Denial of Services as a Service

Hacking isn’t new. If you follow the 2600 Magazine culture of know the name Mitnick or Draper you know that hacking has been a part of systems as long as their have been systems. What has changed in recent years is the malicious aspect of what’s going on in the acts themselves. The pioneers of hacking culture were focused on short term gains or personal exploitation. It was more about proving you could break into a system and getting the side benefit of free phone calls or an untraceable mobile device. Today’s hacking cultures are driven by massive amounts of theft and exploitation of resources to a degree that would make any traditional hacker blush.

It’s much like the difference between petty street crime and “organized” crime.

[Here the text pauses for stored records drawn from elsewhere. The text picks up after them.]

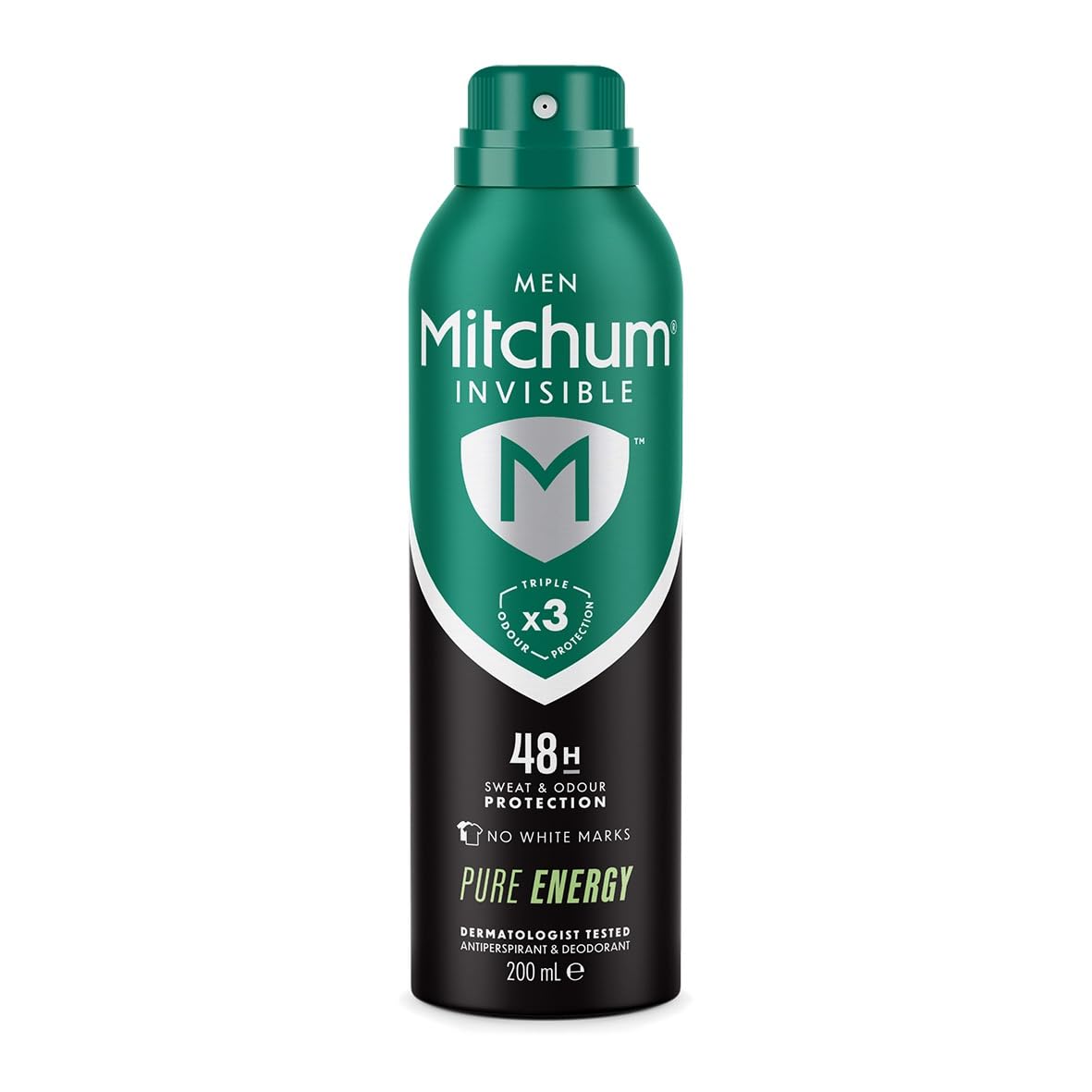 Mitchum Invisible Men 48HR Protection Roll On Anti-Perspirant & Deodorant, No White Marks, Alcohol Free, Pure Energy 100 ml 7246640000 - Packaging May Vary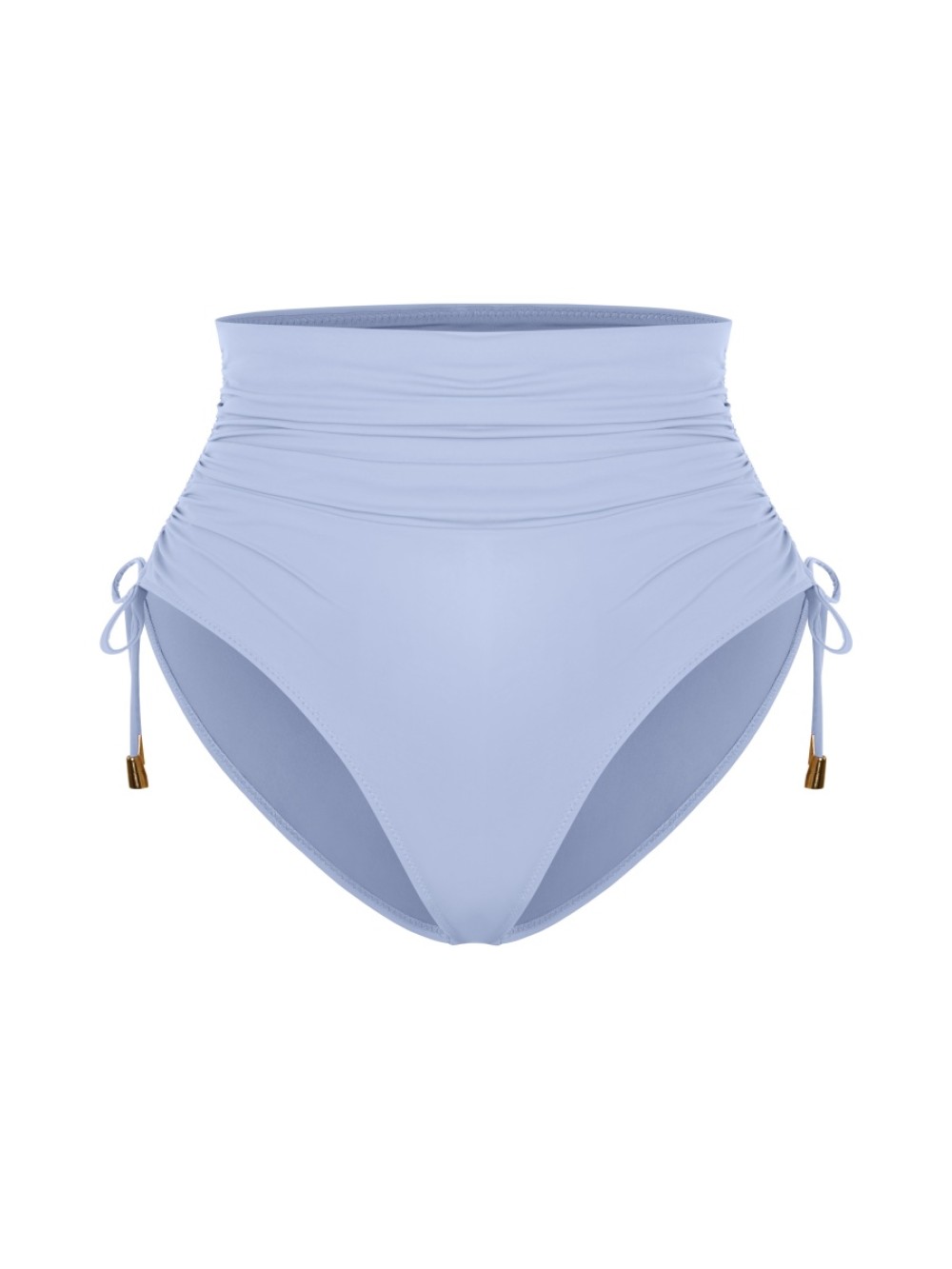 Slimming Drawstring Swimsuit Deep V Neck Metal Accent Butt Lifting Triangle Design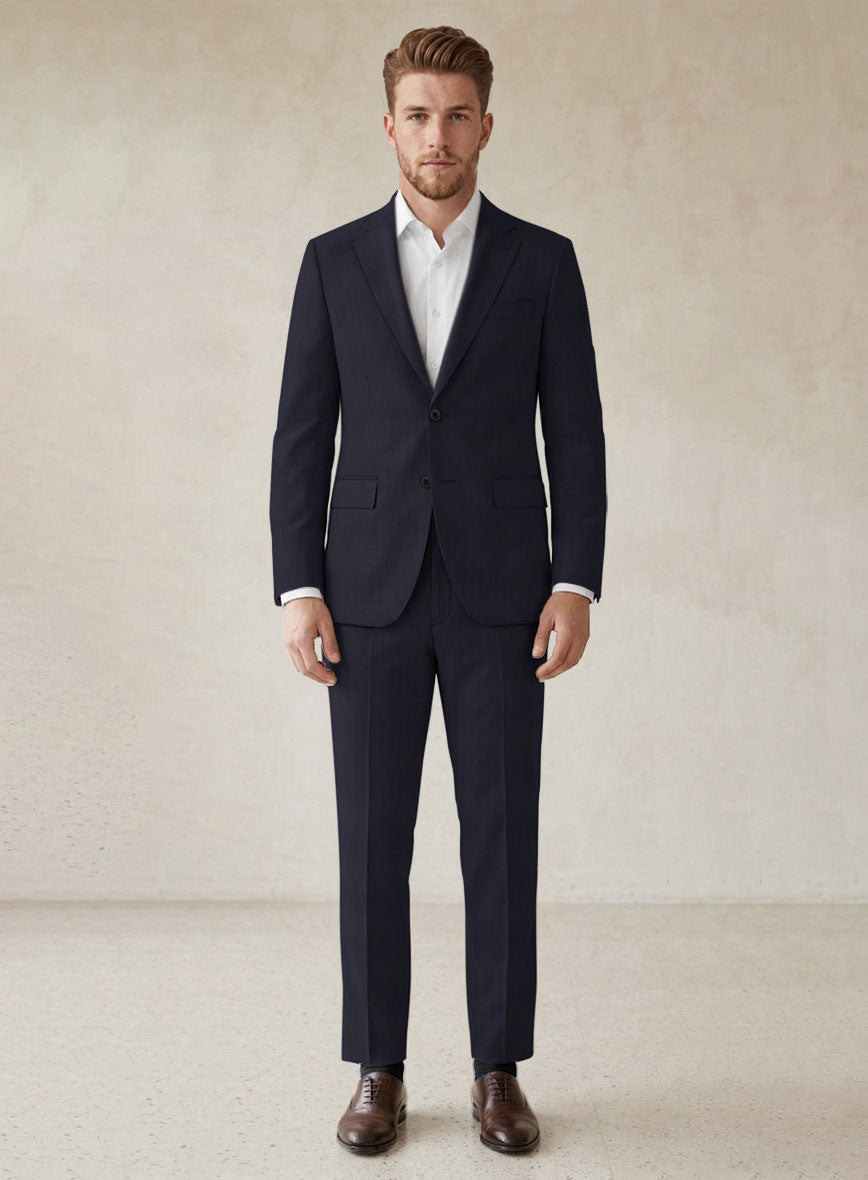 Scabal Londoner Corta Stripe Blue Wool Suit - StudioSuits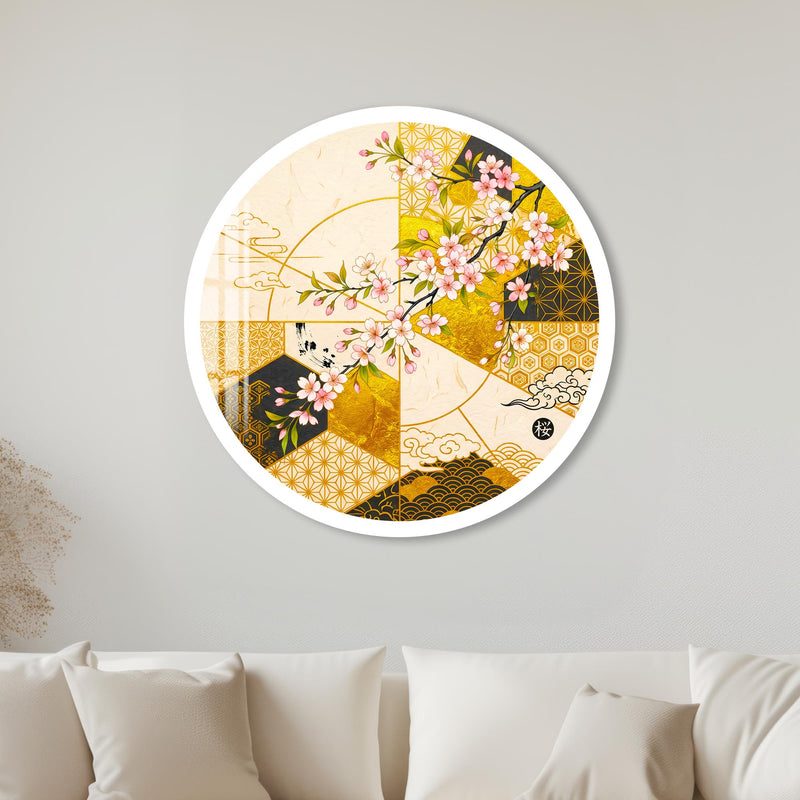 Golden Sakura with white frame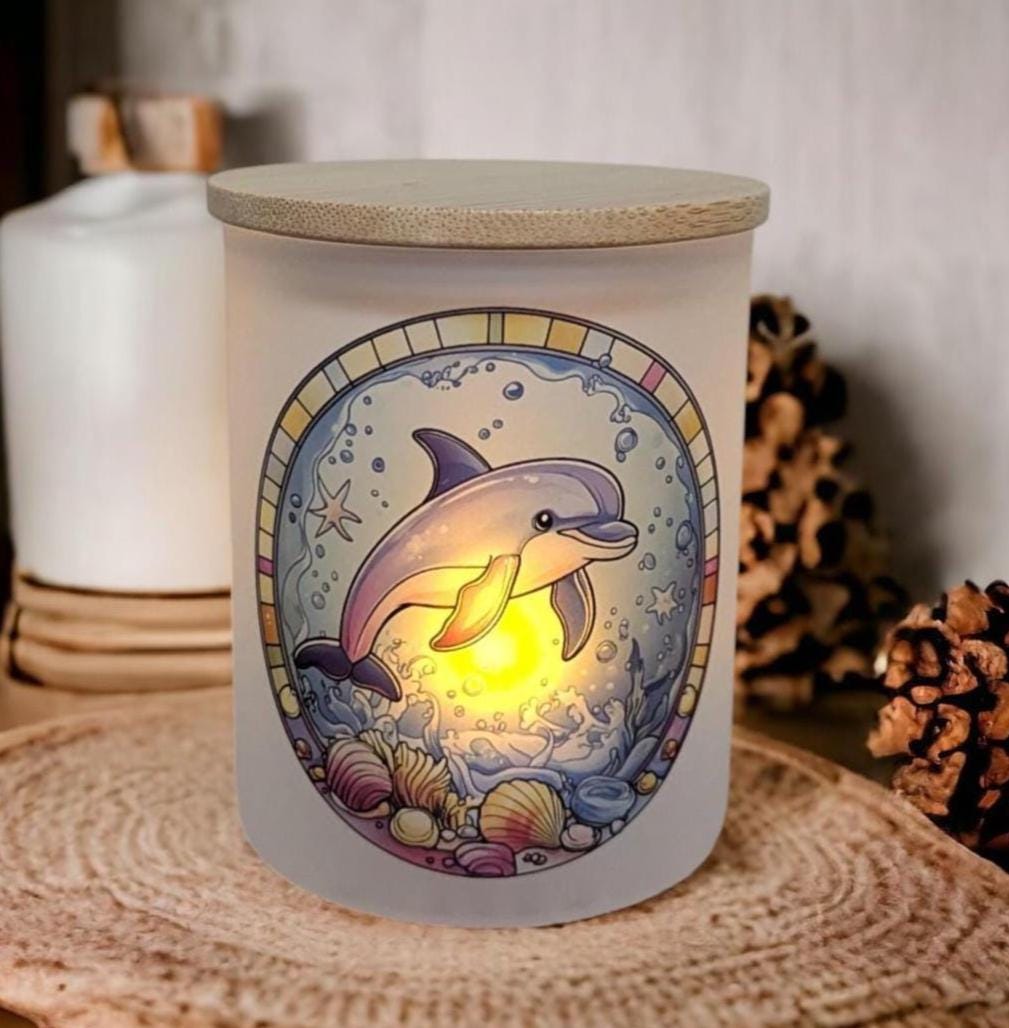 Dolphin With A Stained Glass Design Candle Holder - Includes A Battery Operated Flickering Tea Light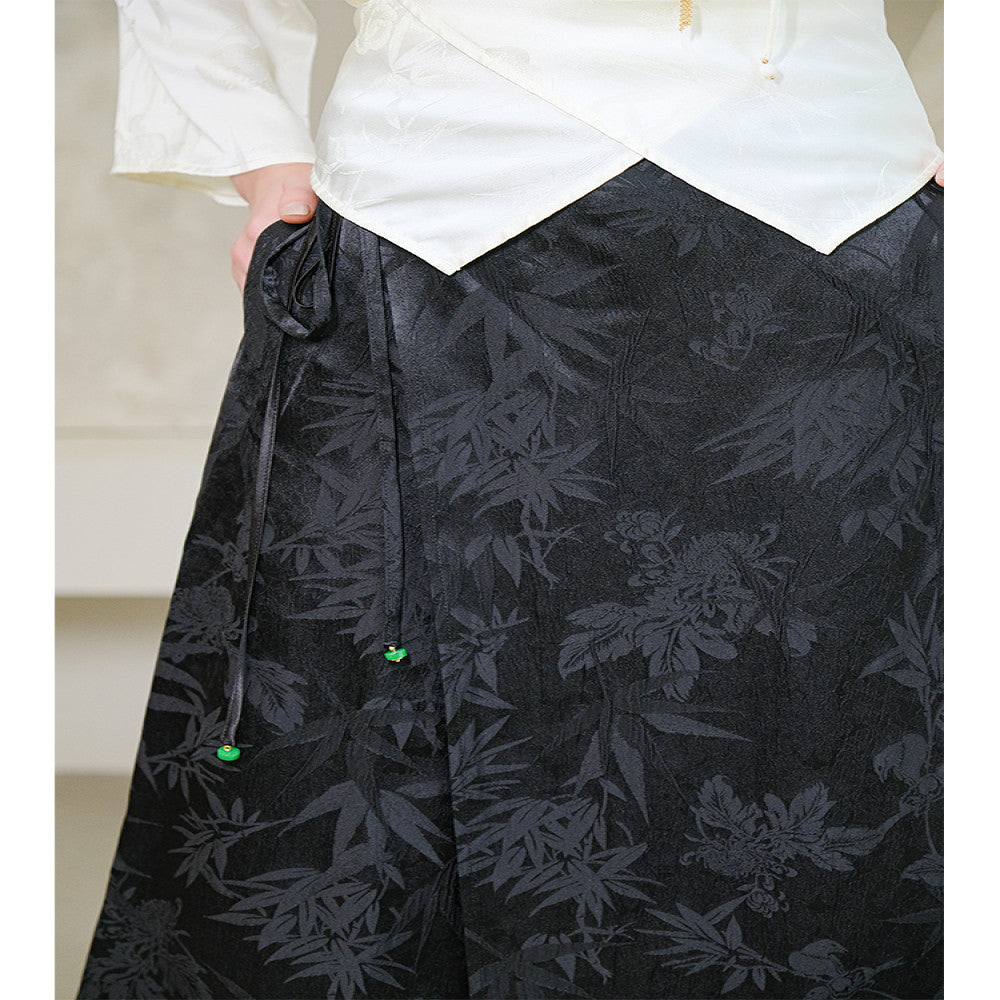 Shanyousei original homemade Zen new Chinese bamboo leaf skirt pants black versatile wide leg pants loose slim pants image 5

With a patron and a purpose, the organizers of the individual members can coordinate to accomplish a bigger goal than was ever thought possible by the person on the street. Just like a wolf pack or jackals, you can take down a much bigger target with come coordination. I talked a little bit about how the targets were going to start changing almost seven years ago and how we needed to start figuring out how to protect soft targets like critical infrastructure. What I didn’t count on was how effectively people would create systems that can cripple us without total destruction.

Deny, Deny, Deny

During RSA Conference this year, I had a chance to speak briefly with Tom Kellerman of Carbon Black. He’s a great guy and I loved the chance to chat with him about some of the crazy stuff that Carbon Black has been seeing in the wild. He gave me a peek at their 2020 Cybersecurity Report and some of the new findings they’ve been seeing. A couple of things jumped out at me during our discussion though.

The first is that the bad actors that have started pushing attacks toward critical infrastructure have realized that denying that infrastructure to users is just as good as destroying it. Why should I take the time to craft a beautiful and elegant piece of malware like Stuxnet to deny a key piece of SCADA systems when I can just use a cyptolocker to infect all the control boxes for a tenth of the cost? And, if the target does pay up to get things unlocked, just leave them there in a state of shutdown!

A recent episode of the Risky Business podcast highlights this to great effect. A natural gas processing plant system was infected and needed to be cleaned. However, when gas is flowing through the pipelines you can’t just shut off one site to have it cleaned. You have to do a full system shutdown! That meant knocking the entire facility offline for two days to restore one site’s systems. That’s just the tip of the iceberg.

Imagine if you could manage to shut down a hospital like the accidental spanning tree meltdown at Beth Israel Deaconess Medical Center in 2002. Now, imagine a cyptolocker or a wiper that could shut down all the hospitals in California during a virus outbreak. Or maybe one that could infected and wipe out the control systems for all the dams providing power for the Tennessee Valley Authority. Getting worried yet? Because the kinds of people that are targeting these installations don’t care about $5,000 worth of Bitcoin to unlock stuff. They care about causing damage. They want stuff knocked offline. Or someone that organizes them does. And the end goal is the same: chaos. It doesn’t matter if the system is out because of the malware or down for days or weeks to clean it. The people looking to benefit from the chaos win no matter what.

Money, Money, Money

The biggest key to this kind of attack is the same as it always has been. If you want to know where the problems are coming from, follow the money. In the past, it was following the money to the people that are getting paid to do the attacks. Today, it’s more about following the money to the people that make the money from these kinds of attacks. It’s not enough to get Bitcoin or some other amount of peanuts in an untraceable wallet. If you can do something that manipulates global futures markets or causes fluctuations in commodity prices on the order of hundreds of thousands or even millions of dollars you suddenly don’t care about whether or not some company’s insurance is going to pay out to unlock their HR files.

Think about it in the most simple terms. If I could pay someone to shut down half the refineries in the US for a month to spike oil prices for my own ends would that be worth paying a few thousand dollars to a hacking team to pull off? Better yet, if that same hacking team was now under my “protection” from retaliation from the target, do you think they’d continue to work for me to ensure that they couldn’t be caught in the future? Sure, go ahead and freelance when you want. Just don’t attack my targets and be on-call when I need something big done. It’s not unlike all those crazy spy movies where a government agency keeps a Rolodex full of assassins on tap just in case.


Tom’s Take

The thought of what would happen in a modern unrestricted war scares me. Even 4-5 years from now would be a massive problem. We don’t secure things from the kind of determined attackers that can cause mass chaos. Let’s just shut down all the autonomous cars or connected vehicles in NY and CA. Let’s crash all the hospital MRI machines or shut down all the power plants in the US for a day or four. That’s the kind of coordination that can really upset the balance of power in a conflict. And we’re already starting to see that kind of impact with freelance groups. You don’t need a war to deny access to a service. Sometimes you just need to hire it out to the right people for the right price.